Während Emma Darwall-Smith als Camilla Parker Bowles in "Spencer" lediglich kurz zu sehen ist, weist Diana an einer Stelle darauf hin, dass Charles ihr genau die gleiche Halskette geschenkt hatte, die er für seine Geliebte gekauft habe. Berichte von einem solchen Schmuckstück gibt es keine, doch Biografen zufolge begannen Charles und Camilla ihre Affäre 1979, unterbrachen sie zwei Jahre später, als er und Diana heirateten, und fanden schließlich Mitte der 80er-Jahre wieder zueinander. Die Untreue ihres Mannes quälte Diana, die bekanntlich sagte, ihre Ehe sei "ein bisschen überfüllt" gewesen, weil "wir zu dritt waren".

Litt Diana unter einer Essstörung?

Dianas Essstörung spielt im Film eine große Rolle. Die schockierendsten Szenen des Films zeigen die Prinzessin, wie sie ihr Essen beim üppigen Abendmahl kaum anrührt und sich dann heimlich in die riesige Vorratskammer schleicht, um Gebäck zu verschlingen - nur, um es schließlich wieder zu erbrechen. Auch die echte Prinzessin von Wales hatte mit der Erkrankung zu kämpfen: "Die Bulimie begann in der Woche nach unserer Verlobung, und es dauerte fast ein Jahrzehnt, bis sie überwunden war", sagte sie 1992 ihrem Biografen Andrew Morton.

Diana sprach auch in späteren Jahren offen über ihre Bulimie. In ihrem kontroversen BBC-Interview im Jahr 1995 berichtete sie, dass die königliche Familie ihr gesagt habe, sie würde Essen verschwenden - eine Anschuldigung, die auch in "Spencer" durch Kommentare von Charles angedeutet wird.

Wurden die Gäste in Sandringham wirklich gewogen?

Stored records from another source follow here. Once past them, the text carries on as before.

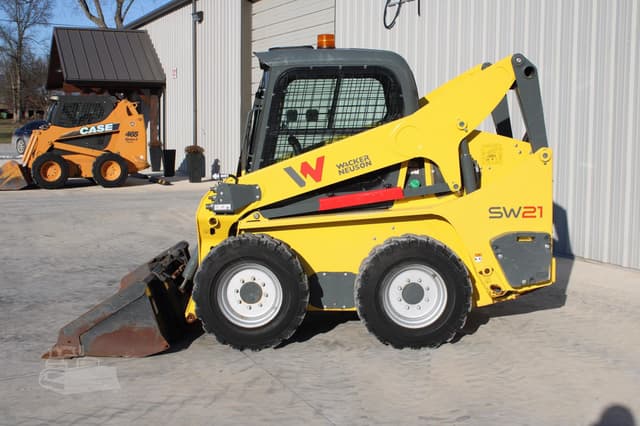 Image of Wacker Neuson SW21 equipment image 4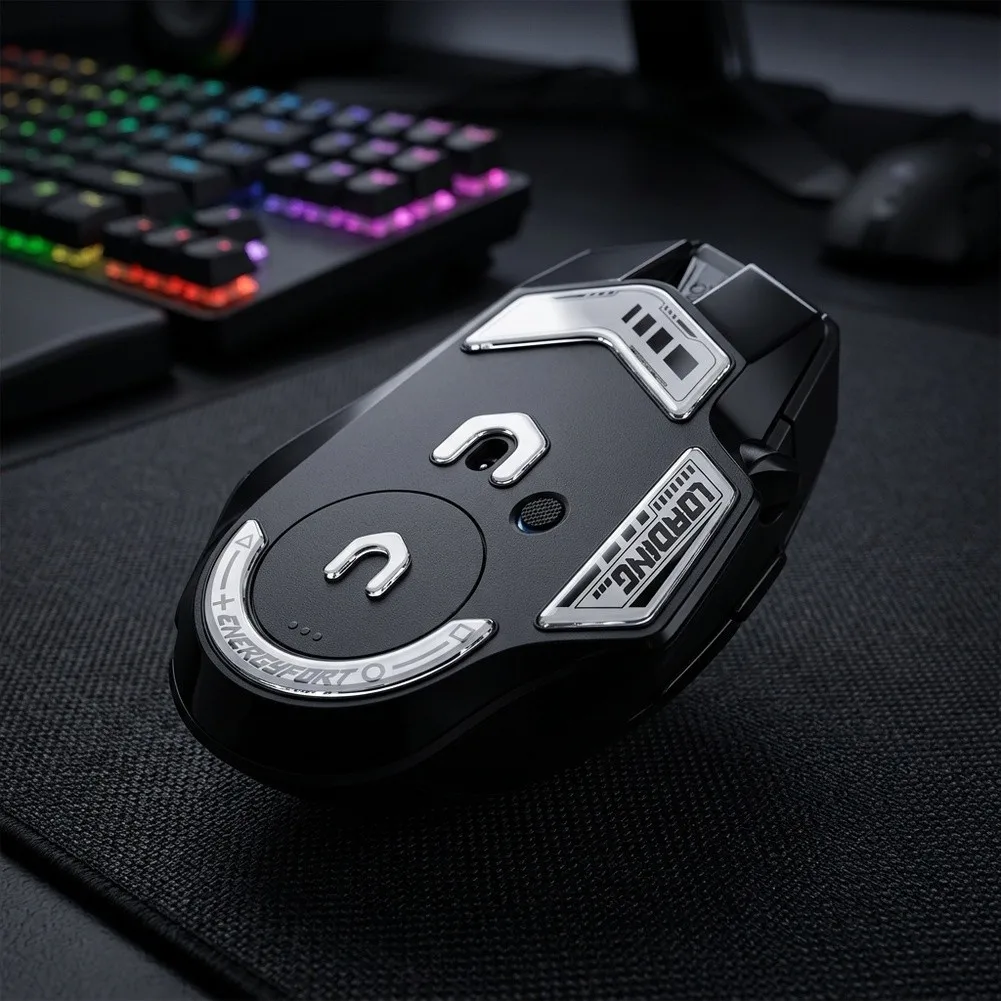 Tempered Glass Mouse Feet Stickers For Logitech G502X For Plus Smooth Movement Replacement Wired Wireless Mouse Stickers
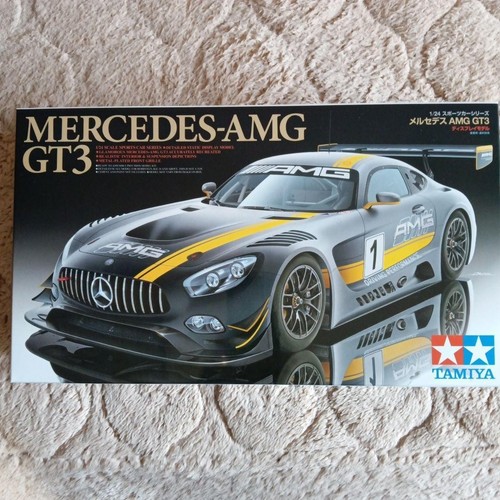 Tamiya mercedes amg gt3 - tamiya, mercedes-amg
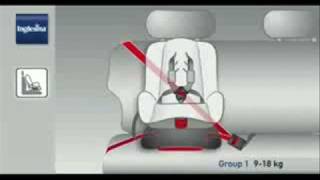 Moovy car seat Inglesina  Bimbomarket [upl. by Wynnie759]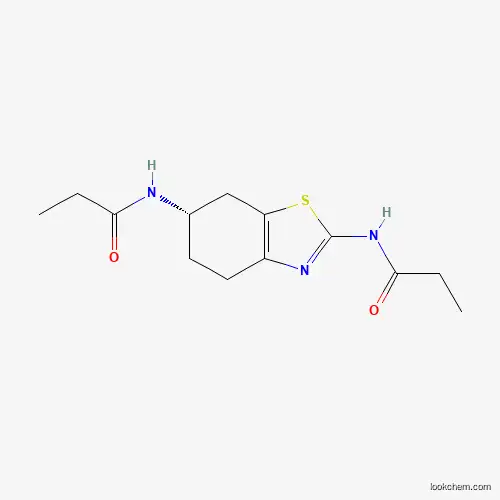 (S)-4,5,6,7-Tetrahydro-N2,N6-propionyl-2,6-benzothiazolediamine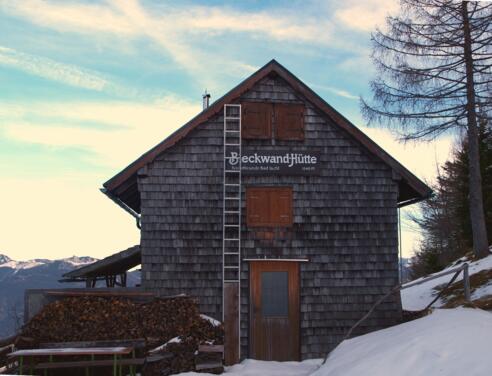 Bleckwandhütte 1340m
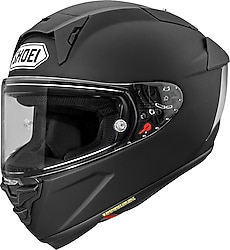 Shoei X-Spirit Pro Mat Siyah Full Face Motor Kaskı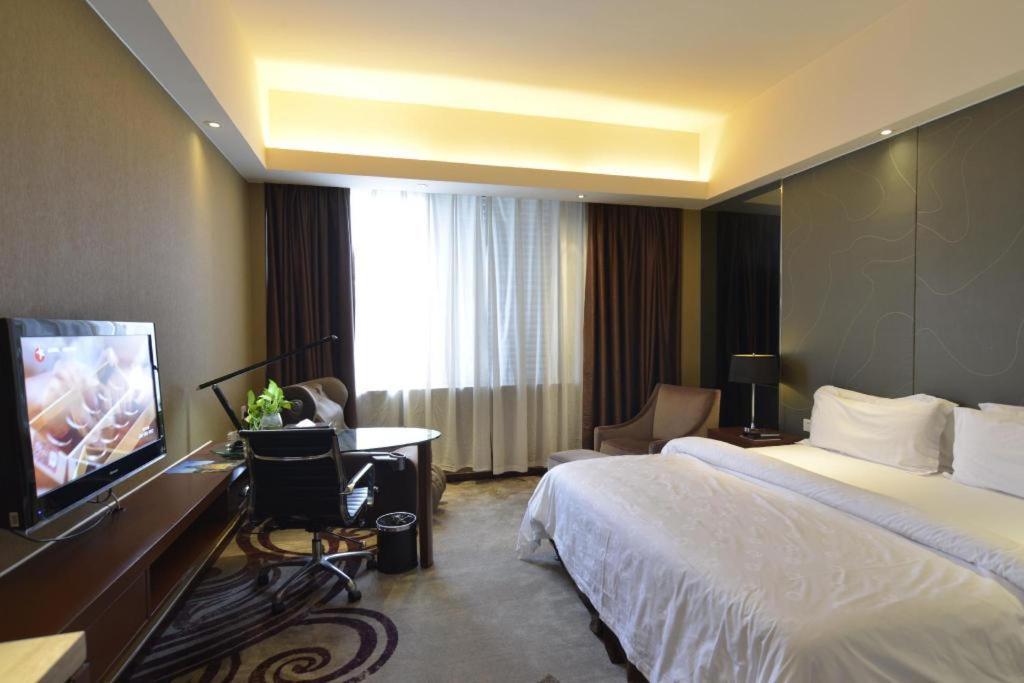 Metropolo Hotel Hefei Baohe Wandabao Park Metro Station Exterior photo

Bei ihrer Ankunft in Sandringham House wird Diana dazu gedrängt, sich auf eine antike Waage zu setzen, um ihr Gewicht registrieren zu lassen. Ihr wird mitgeteilt, dass sich angeblich alle Mitglieder der königlichen Familie wiegen lassen müssen. Dadurch solle sichergestellt werden, dass die Gäste bis zu ihrer Abreise an Körpergewicht - drei Pfund, um genau zu sein - zunehmen. Die Gewichtszunahme soll beweisen, dass die Familienmitglieder die Weihnachtsfeierlichkeiten auch tatsächlich genossen haben.

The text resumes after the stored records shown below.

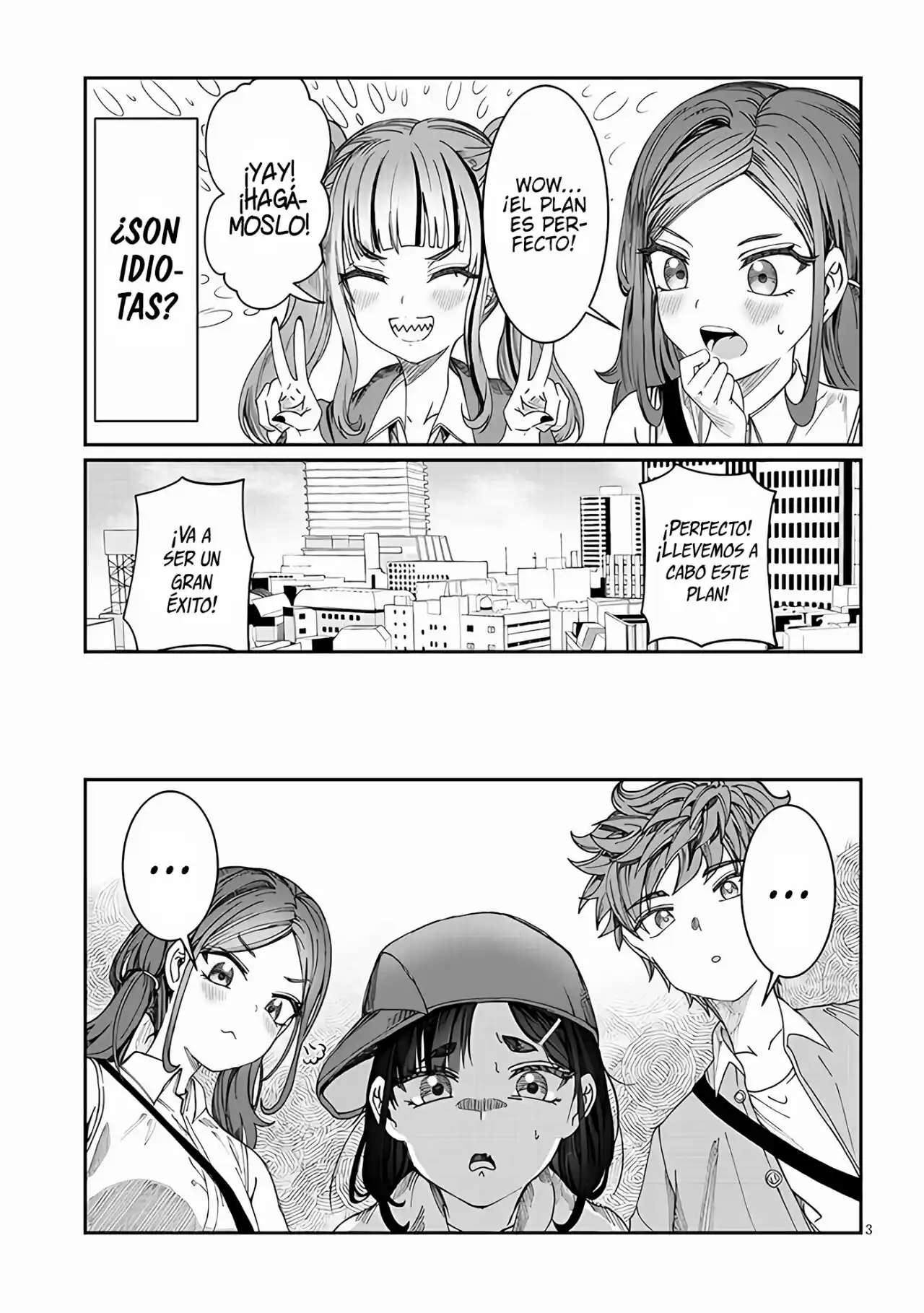 Kimi Wa Yakamashi Tojite Yo Kuchi Wo! - Capítulo 21 - Página 5 - LectorTMOo
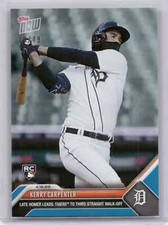 🟦 KERRY CARPENTER Rookie Card 2023 Topps Now #141 Detroit Tigers RC BLUE 19/49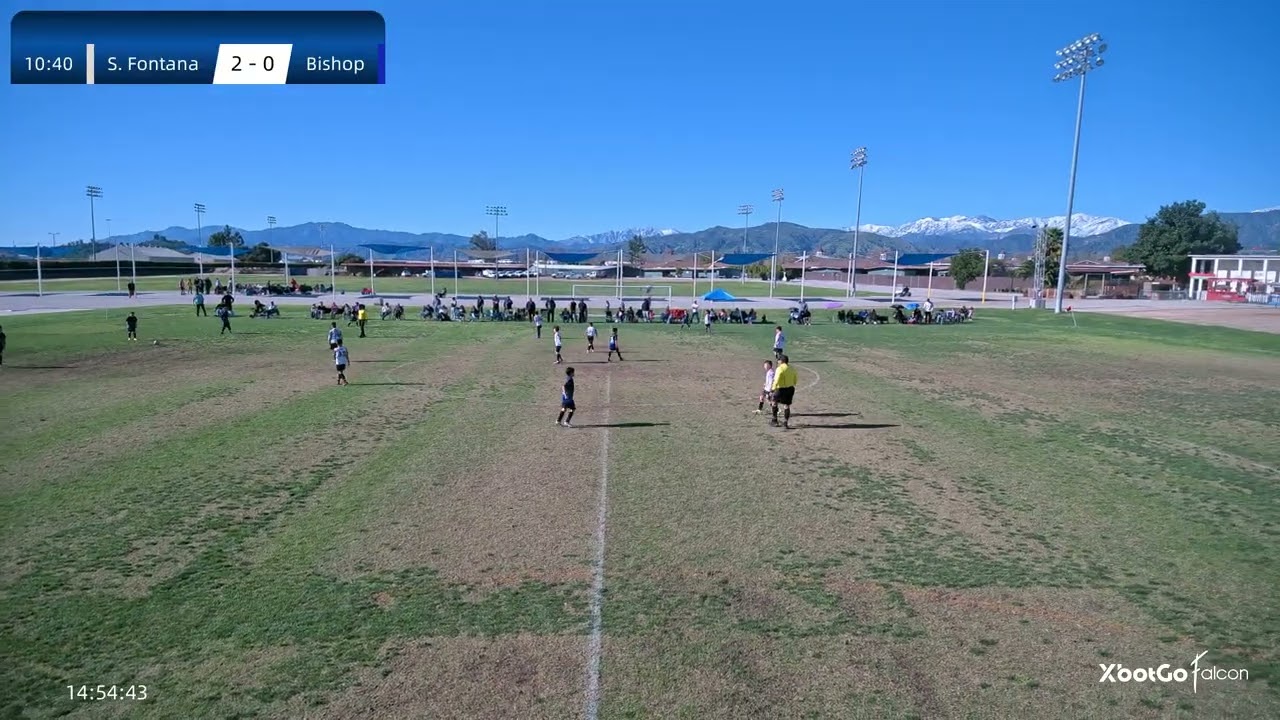 S. Fontana B16 vs Bishop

Was wie reinste Schikane für die unter Bulimie leidende Diana wirkt, ist eine echte Tradition, die auch heute noch während der Feiertage durchgeführt wird. Das Ritual soll mit dem gut gepolsterten König und notorischen Feinschmecker Edward VII. begonnen haben, der sichergehen wollte, dass seine Gäste gut gegessen hatten.

Dianas Elternhaus

In "Spencer" versucht Diana, zu ihrem Elternhaus, Park House, zurückzukehren, das sich auf dem Anwesen der Königin in Sandringham befindet. Sie klettert verzweifelt über Zäune, um zu dem mit Brettern vernagelten Haus zu gelangen, das schon lange verlassen zu sein scheint. Das Haus im Film hat einen Wassergraben, den es im wirklichen Leben nicht gab - zudem wäre das Anwesen zum Zeitpunkt des Films nicht leerstehend gewesen: 1983 schenkte Königin Elizabeth das Haus einer Behindertenhilfsorganisation. Park House wurde in ein barrierefreies Landhotel für Menschen mit Behinderungen umgewandelt.

Es stimmt jedoch, dass Diana Frances Spencer am 1. Juli 1961 im Park House auf dem Sandringham-Gelände geboren wurde und dort lebte, bis sie 14 Jahre alt war. Das Haus wurde 1863 ursprünglich für Edward VII. entworfen, dann aber an die Familie Spencer verpachtet. Der Film suggeriert, dass Diana dorthin zurückkehrt, um in unbeschwerten Kindheitserinnerungen zu schwelgen. Tatsächlich war die spätere Prinzessin zahlreichen Berichten zufolge schon als Kind alles andere als glücklich. Die Scheidung der Eltern hinterließ bei Diana Spuren, wie sie selbst erklärte: "Es gab keine Stabilität. Ich war unglücklich und fühlte mich niemandem zugehörig."